En los 90 Alianza Editorial sacó una colección llamada Alianza Cien. Cien hacía mención a lo que costaban esos libros de bolsillo, cien pesetas, de tamaño mínimo, que se dan un aire a los que publica ahora Minúscula o a la colección de Austral que pone en el mercado grandes obras por tres o cuatro euros en sus colecciones Austral Básicos o Austral Mini.

El libro de Mercè Rodoreda (1908-1983) lo forman dos relatos bastante breves. El primero Mi Cristina nos recordará a Jonás y la ballena, pues el protagonista vivirá, no tres días, sino unos cuantos años en el interior del cetáceo hasta que logra llevar a cabo su segundo alumbramiento, al lograr escapar de aquella jaula de carne. La coña marinera viene cuando el renacido es instado por sus paisanos, no sin cierto retintín, a regularizar sus papeles pues dentro de la ballena estaba a su vez fuera del mundo. Tiene un pase.

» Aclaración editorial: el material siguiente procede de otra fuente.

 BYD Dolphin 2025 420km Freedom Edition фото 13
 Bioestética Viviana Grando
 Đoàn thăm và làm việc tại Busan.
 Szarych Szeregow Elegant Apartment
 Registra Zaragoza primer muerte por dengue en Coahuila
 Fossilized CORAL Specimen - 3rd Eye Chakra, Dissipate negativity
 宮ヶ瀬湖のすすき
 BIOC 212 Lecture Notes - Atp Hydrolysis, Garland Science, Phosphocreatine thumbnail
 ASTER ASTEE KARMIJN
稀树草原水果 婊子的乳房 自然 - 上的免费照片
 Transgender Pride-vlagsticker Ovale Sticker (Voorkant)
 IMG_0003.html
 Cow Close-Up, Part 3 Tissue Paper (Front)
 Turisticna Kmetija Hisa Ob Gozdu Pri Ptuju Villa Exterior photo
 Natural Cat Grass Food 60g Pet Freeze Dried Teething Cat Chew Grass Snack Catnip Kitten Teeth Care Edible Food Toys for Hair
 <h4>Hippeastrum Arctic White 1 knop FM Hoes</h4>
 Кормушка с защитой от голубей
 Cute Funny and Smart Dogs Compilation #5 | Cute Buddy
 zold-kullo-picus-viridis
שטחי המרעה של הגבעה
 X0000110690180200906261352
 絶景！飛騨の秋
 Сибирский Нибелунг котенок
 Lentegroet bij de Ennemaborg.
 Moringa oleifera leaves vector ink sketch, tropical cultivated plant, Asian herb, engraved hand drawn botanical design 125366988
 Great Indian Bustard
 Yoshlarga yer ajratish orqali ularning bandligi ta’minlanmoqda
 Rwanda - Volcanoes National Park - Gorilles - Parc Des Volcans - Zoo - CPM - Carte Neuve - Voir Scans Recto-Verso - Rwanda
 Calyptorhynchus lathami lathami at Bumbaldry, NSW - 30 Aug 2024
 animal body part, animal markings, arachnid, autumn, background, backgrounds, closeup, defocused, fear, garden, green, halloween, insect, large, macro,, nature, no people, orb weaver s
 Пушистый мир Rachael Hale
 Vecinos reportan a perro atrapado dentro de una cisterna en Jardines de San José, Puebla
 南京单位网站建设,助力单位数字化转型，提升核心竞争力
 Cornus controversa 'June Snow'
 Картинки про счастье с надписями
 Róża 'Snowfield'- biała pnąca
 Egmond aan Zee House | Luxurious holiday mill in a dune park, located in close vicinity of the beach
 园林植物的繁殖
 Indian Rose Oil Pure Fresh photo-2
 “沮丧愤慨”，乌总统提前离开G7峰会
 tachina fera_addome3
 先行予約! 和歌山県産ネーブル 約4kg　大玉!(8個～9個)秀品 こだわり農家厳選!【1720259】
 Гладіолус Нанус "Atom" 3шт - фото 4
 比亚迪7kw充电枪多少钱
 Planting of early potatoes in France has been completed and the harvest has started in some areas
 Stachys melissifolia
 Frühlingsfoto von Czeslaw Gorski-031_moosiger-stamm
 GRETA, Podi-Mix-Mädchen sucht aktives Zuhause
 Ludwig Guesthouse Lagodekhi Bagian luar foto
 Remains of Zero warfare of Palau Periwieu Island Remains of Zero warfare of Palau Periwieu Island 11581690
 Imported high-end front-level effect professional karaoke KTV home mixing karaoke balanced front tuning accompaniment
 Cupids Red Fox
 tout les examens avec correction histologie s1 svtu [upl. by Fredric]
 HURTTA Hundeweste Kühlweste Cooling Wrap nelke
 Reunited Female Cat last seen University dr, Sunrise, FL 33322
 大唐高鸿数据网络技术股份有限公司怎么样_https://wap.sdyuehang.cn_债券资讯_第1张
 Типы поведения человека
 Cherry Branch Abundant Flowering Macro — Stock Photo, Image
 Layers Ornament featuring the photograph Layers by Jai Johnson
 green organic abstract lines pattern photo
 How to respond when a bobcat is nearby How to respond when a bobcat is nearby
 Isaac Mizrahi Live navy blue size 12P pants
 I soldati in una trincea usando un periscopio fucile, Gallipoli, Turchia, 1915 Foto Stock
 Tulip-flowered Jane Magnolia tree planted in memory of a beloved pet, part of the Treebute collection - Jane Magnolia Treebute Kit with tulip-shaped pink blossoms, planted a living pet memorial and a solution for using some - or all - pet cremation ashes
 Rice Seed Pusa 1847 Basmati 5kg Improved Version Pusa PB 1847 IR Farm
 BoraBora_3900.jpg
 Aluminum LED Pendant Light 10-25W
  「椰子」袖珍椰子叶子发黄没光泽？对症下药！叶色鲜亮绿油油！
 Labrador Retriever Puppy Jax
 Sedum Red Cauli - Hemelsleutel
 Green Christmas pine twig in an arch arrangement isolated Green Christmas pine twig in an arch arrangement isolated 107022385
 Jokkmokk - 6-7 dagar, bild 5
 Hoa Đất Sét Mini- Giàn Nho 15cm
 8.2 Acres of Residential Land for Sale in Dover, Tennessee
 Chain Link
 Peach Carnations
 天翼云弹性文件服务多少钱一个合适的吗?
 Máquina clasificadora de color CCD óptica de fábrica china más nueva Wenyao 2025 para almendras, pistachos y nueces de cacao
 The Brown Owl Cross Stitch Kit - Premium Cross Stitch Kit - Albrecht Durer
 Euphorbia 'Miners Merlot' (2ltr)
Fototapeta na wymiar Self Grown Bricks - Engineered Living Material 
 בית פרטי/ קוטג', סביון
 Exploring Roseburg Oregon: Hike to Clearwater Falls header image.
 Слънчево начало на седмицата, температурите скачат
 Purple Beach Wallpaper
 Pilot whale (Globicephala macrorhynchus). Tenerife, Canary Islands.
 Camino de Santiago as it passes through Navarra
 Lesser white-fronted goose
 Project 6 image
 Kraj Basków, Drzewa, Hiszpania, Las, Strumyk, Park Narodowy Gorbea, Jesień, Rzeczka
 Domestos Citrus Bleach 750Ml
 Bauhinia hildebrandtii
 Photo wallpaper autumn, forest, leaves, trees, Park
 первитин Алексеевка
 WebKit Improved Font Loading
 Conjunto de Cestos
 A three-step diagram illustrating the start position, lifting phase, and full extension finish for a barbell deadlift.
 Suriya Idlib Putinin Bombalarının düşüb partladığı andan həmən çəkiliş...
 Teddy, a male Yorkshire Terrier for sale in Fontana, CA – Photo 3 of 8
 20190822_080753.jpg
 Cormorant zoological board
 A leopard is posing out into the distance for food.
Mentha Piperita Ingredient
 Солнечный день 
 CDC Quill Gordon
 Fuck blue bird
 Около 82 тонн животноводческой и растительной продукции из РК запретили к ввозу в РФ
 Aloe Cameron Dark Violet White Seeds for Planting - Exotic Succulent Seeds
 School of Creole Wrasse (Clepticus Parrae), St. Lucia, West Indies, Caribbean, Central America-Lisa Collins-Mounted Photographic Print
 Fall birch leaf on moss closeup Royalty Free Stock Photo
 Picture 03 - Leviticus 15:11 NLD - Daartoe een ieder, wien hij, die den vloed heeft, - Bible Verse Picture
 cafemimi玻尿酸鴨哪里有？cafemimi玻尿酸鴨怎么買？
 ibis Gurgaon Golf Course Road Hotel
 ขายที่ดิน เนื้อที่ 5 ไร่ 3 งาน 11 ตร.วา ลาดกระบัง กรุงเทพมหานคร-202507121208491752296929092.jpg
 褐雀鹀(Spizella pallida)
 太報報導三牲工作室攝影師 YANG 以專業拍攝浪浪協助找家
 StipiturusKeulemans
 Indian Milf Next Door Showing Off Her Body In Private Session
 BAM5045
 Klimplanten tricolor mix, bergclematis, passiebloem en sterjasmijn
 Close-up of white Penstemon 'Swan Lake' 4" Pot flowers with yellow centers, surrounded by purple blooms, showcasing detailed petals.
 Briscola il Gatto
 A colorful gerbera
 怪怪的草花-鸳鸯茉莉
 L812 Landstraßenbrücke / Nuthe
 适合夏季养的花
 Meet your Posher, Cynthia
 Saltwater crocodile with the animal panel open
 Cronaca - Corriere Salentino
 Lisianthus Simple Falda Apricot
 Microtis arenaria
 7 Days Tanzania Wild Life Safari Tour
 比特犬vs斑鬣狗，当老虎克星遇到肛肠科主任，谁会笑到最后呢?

El mar se basa en los diálogos que mantienen unos rentistas de imaginación disparada, elucubrando estos sobre las noticias que aparecen en la prensa mientras que la realidad se va filtrando en su cháchara, ya sea en forma de niños, jilgueros o amas de casa, que les apartan de sus pensamientos triviales a la par que les enteran de las circunstancias de otros que no tienen su misma suerte y despreocupación vital. Rodoreda demuestra aquí su buen oído y su talento para los diálogos.

El rinoceronte y el poeta

El rinoceronte y el poeta (Miguel Barrero)

Kakfa o Pessoa son esa clase de escritores dispuestos a sacrificar sus vidas en el altar de las letras. Su vida es escribir y todo lo demás les importa un carajo. Su linfa es la tinta de sus escritos, su aire, el viento que remueven las hojas al pasar. Sobre la figura, ya inmortal, de Pessoa, Miguel Barrero (Oviedo, 1980) perpetra un texto, que obra como guía de viaje, de la ciudad de Lisboa, manual de historia, de Portugal y lo alimenta con ribetes fantásticos, jugueteando con la figura de Pessoa, esa «persona» anodina y gris, que bien podría haber sido una construcción, una capitalización de tantos otros talentos ajenos, algo parecido a lo que se cuenta también de Homero, cuya voz se dice que pudo ser la voz aglutinada y sedimentada de tantos otros coetáneos. Adolece la narración de un personaje, un tal Eduardo Espinosa, profesor universitario especializado en las obras de Pessoa (es evidente que a la sombra de estos grandes autores universales hay un verdín parasitario de otros muchos estudiosos que viven a costa de las obras -y milagros si los hubiera- de los primeros) que es un sosainas, un tipo insulso y gris, que acude a Lisboa a verse con su mentor, un tal Gonçalves, otro especialista en Pessoa a quien le queda poca vida y el que ha de confesarle un secreto antes de diñarla. Antes de que se lleve a cabo el encuentro, hay mucho paseo y topografía lisboeta, demasiado circunloquio, un buen número de digresiones históricas que pasan a ser casi el eje central de la novela y un final que trata de justificar lo anterior, si es que hubiera que justificar algo, porque 198 páginas para tan magro desenlace, se me antojan demasiadas páginas.